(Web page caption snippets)
****************
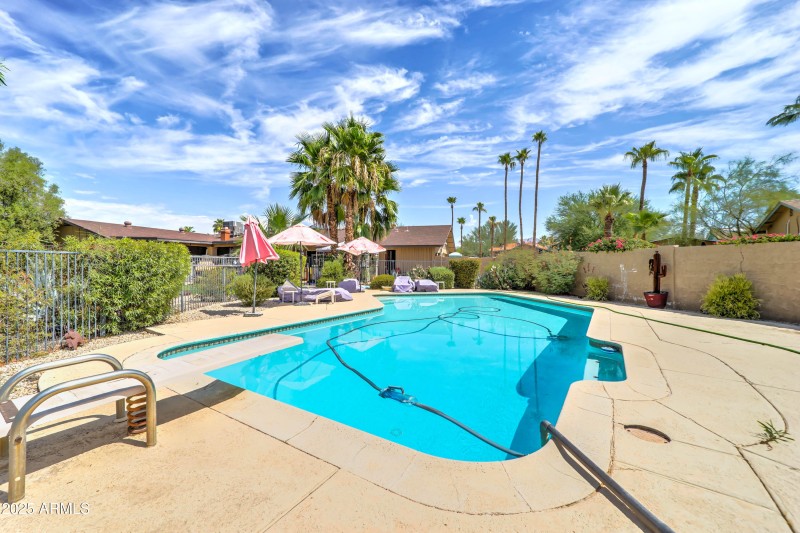 9511 E Gary Rd-15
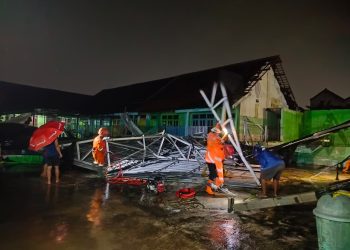 Hujan Disertai Angin Kencang di Jombang, Sekolah dan Rumah Warga Rusak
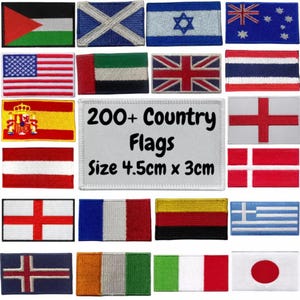 Puede incluir: Un conjunto de parches bordados con banderas de países, incluyendo las banderas de España, Francia y Japón. Un parche central indica "200+ Country Flags, Tamaño 4.5cm x 3cm".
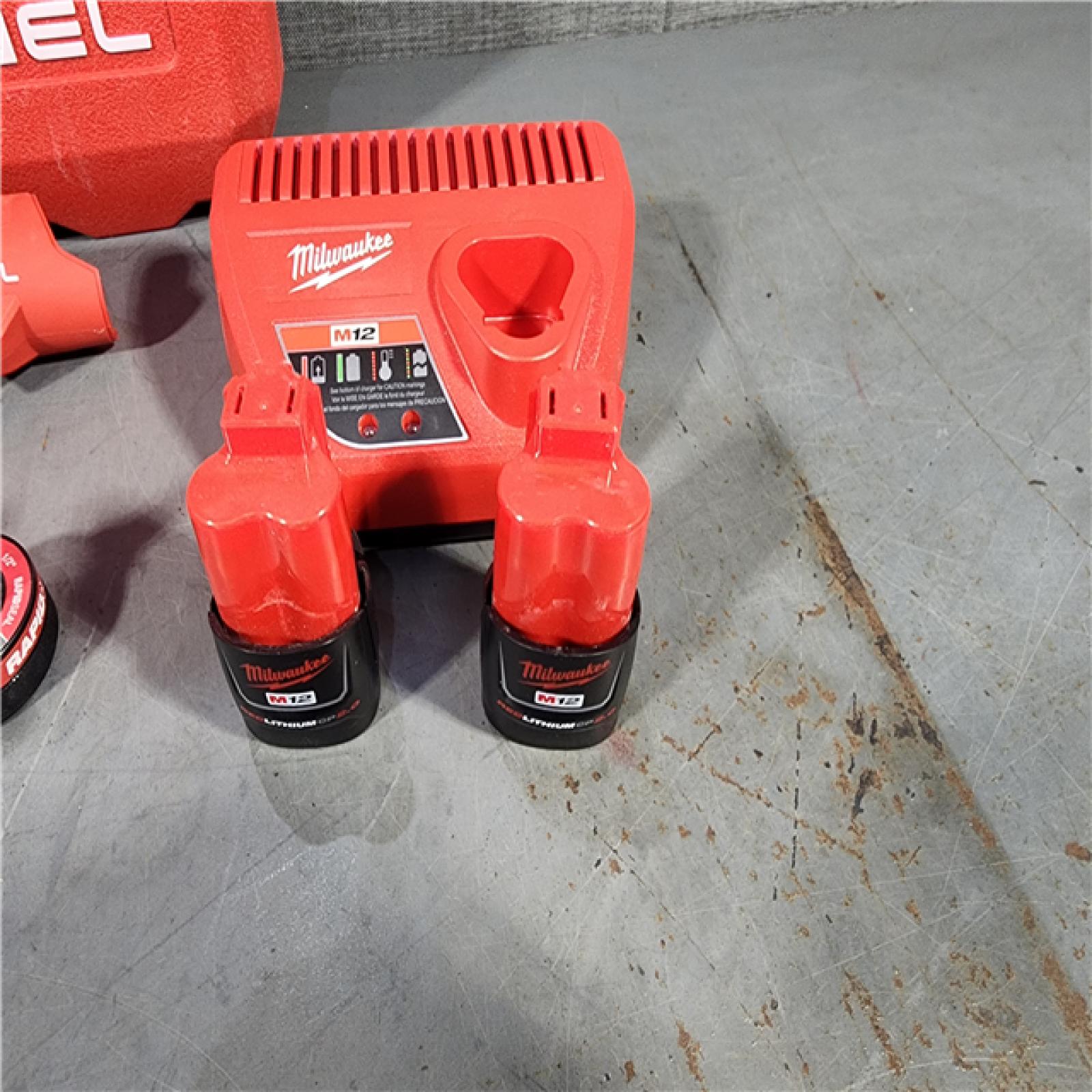 HOUSTON LOCATION - AS-IS Milwaukee 2532-22 Expander Kit W/ 1/2 -1 Heads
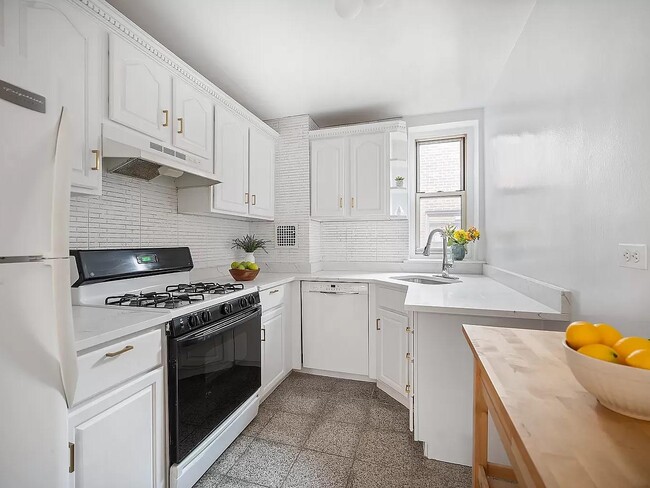 Building Photo - 415 Argyle Rd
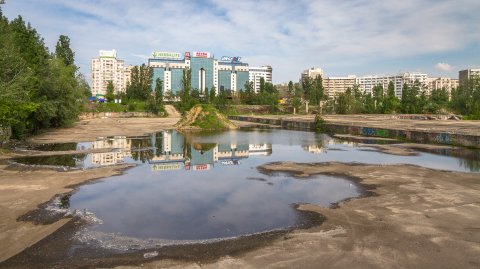 Santier abandonat - Centrul de Cultură şi Creaţie Cîntarea României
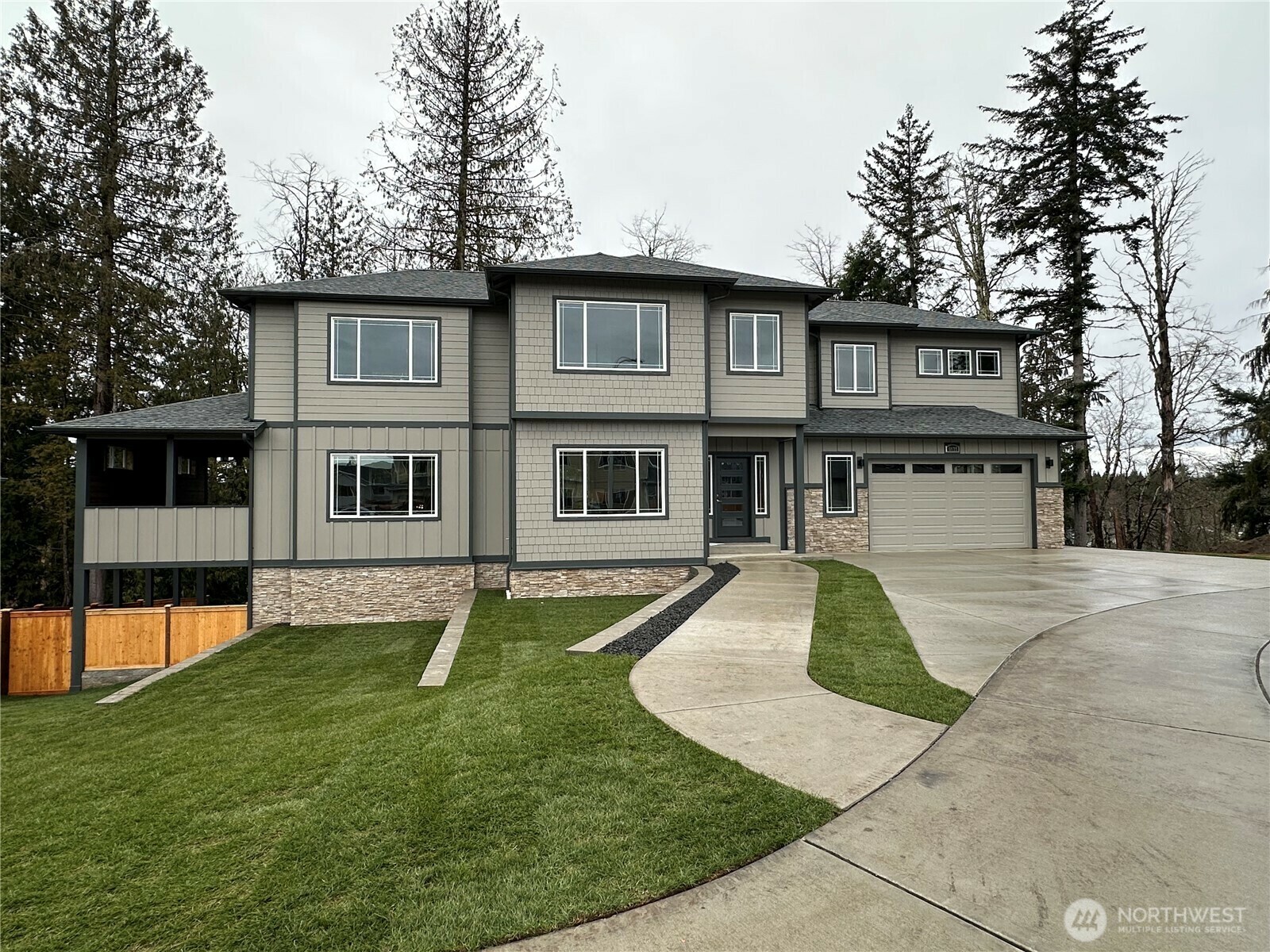 Property Photo: 6635 Kyodi Court SE WA 98501
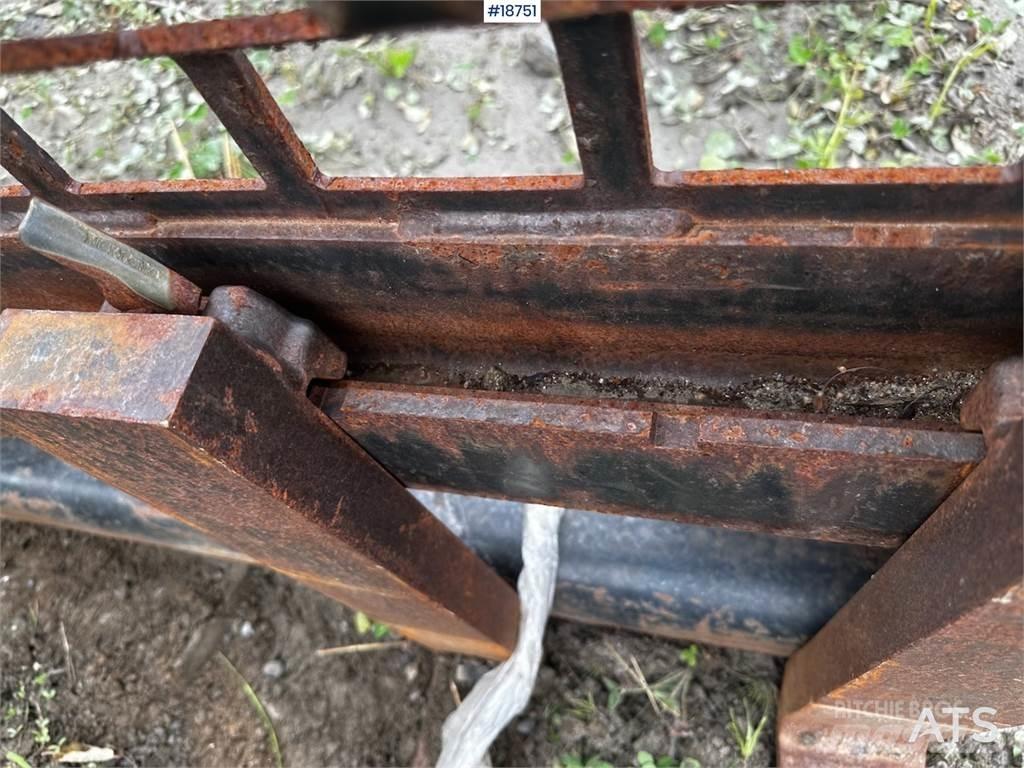 CAT Pallet Forks 建筑机械-其他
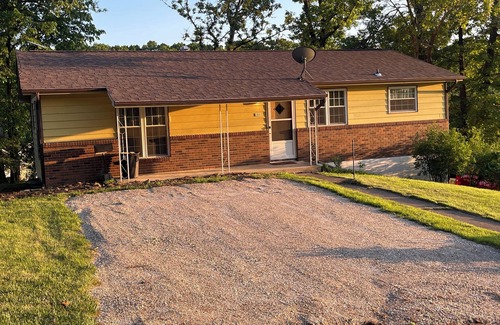Waynesville House | Sunset Place - 3-bedroom house in Waynesville Fort Leonard wood - Pool Table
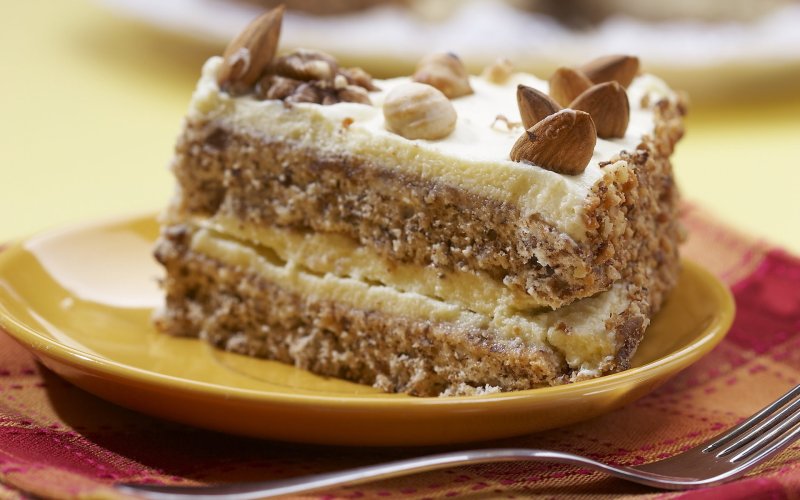 Украшение торта грецкими орехами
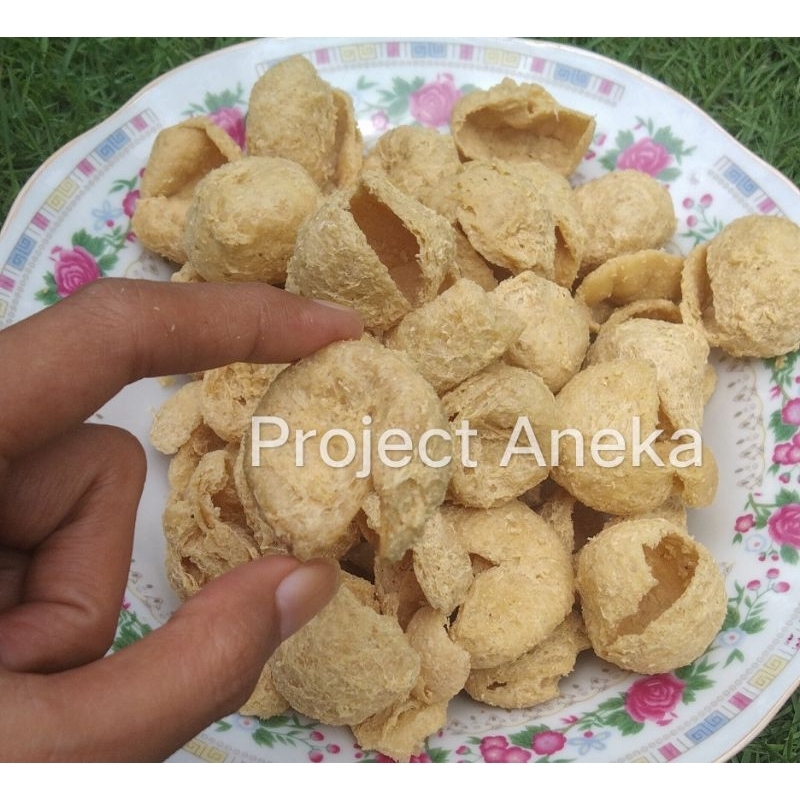 

TAHU KETAWA 250 GRAM CEMILAN TAHU WALIK GURIH RENYAH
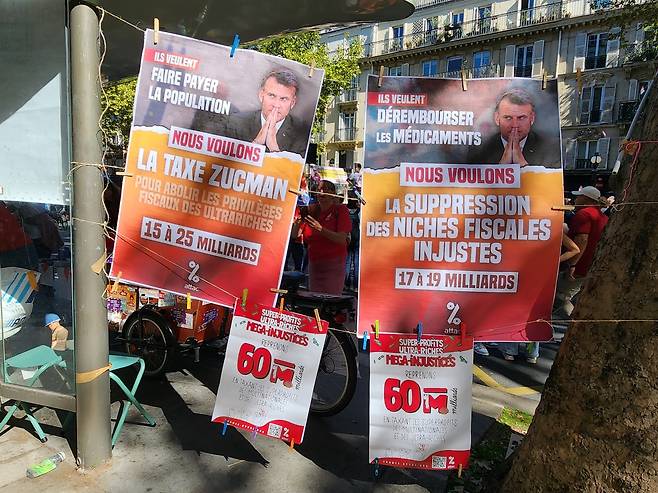 마크롱 대통령 예산 정책 비판 (파리=연합뉴스) 송진원 특파원 = 18일(현지시간) 프랑스 파리에서 열린 대규모 반정부 시위에 내걸린 에마뉘엘 마크롱 대통령 비판 전단. 2025.09.18 san@yna.co.kr (끝)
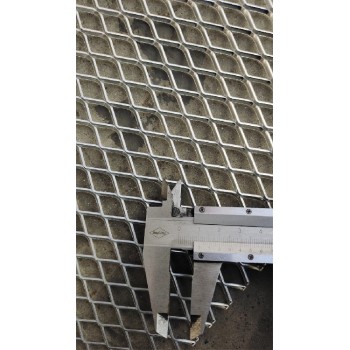 山东生产菱形钢板网实体工厂-菱形钢板网价格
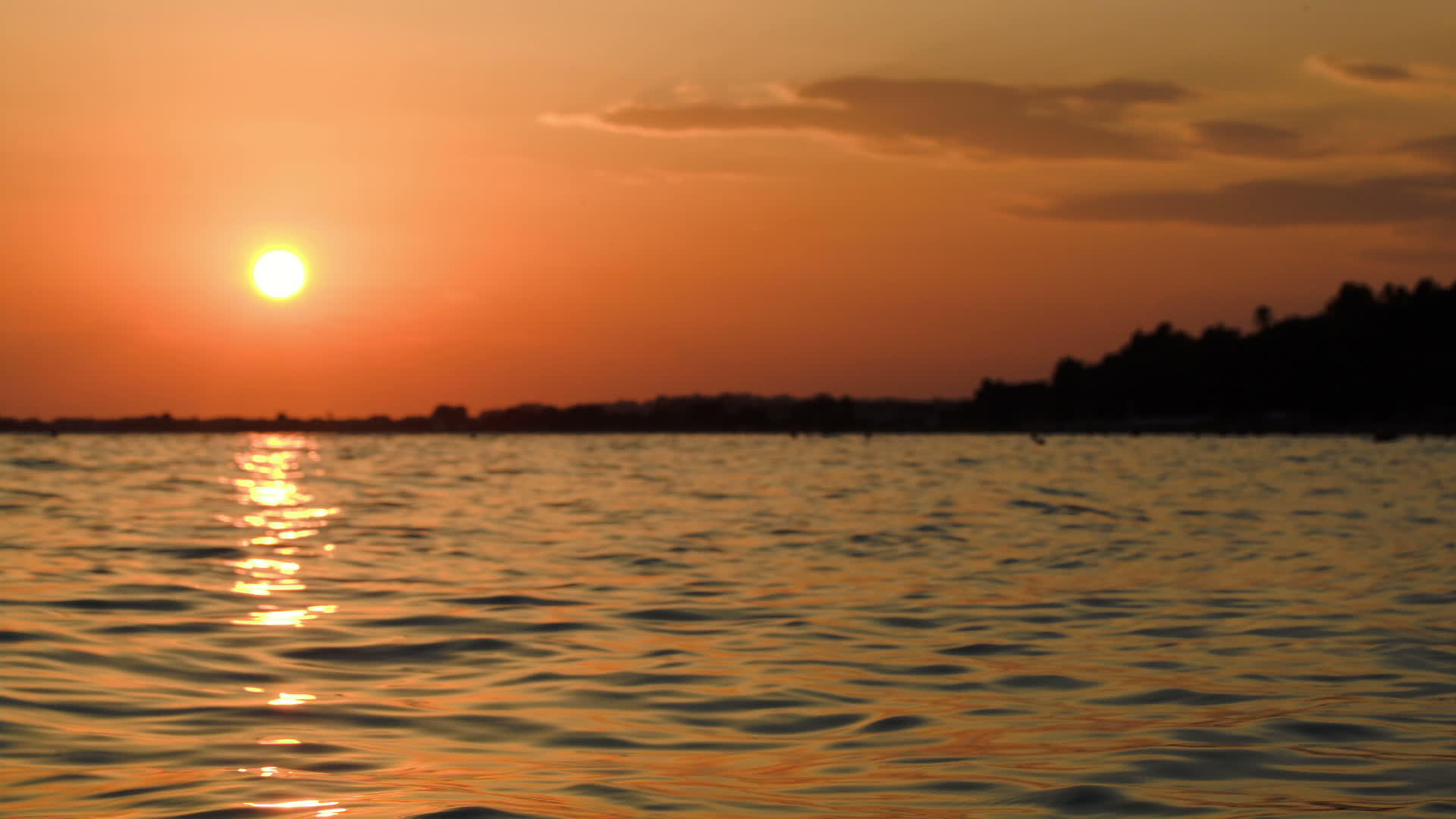 美丽的日落在大浪的海面上视频的预览图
****************
§ What you should do
Copy the data above line for line, skipping every picture.

§ Result
 9511 E Gary Rd-15
 Hujan Disertai Angin Kencang di Jombang, Sekolah dan Rumah Warga Rusak
 Puede incluir: Un conjunto de parches bordados con banderas de países, incluyendo las banderas de España, Francia y Japón. Un parche central indica "200+ Country Flags, Tamaño 4.5cm x 3cm".
 HOUSTON LOCATION - AS-IS Milwaukee 2532-22 Expander Kit W/ 1/2 -1 Heads
 Building Photo - 415 Argyle Rd
 Santier abandonat - Centrul de Cultură şi Creaţie Cîntarea României
 Property Photo: 6635 Kyodi Court SE WA 98501
 CAT Pallet Forks 建筑机械-其他
Waynesville House | Sunset Place - 3-bedroom house in Waynesville Fort Leonard wood - Pool Table
 Украшение торта грецкими орехами

TAHU KETAWA 250 GRAM CEMILAN TAHU WALIK GURIH RENYAH
 마크롱 대통령 예산 정책 비판 (파리=연합뉴스) 송진원 특파원 = 18일(현지시간) 프랑스 파리에서 열린 대규모 반정부 시위에 내걸린 에마뉘엘 마크롱 대통령 비판 전단. 2025.09.18 san@yna.co.kr (끝)
 山东生产菱形钢板网实体工厂-菱形钢板网价格
 美丽的日落在大浪的海面上视频的预览图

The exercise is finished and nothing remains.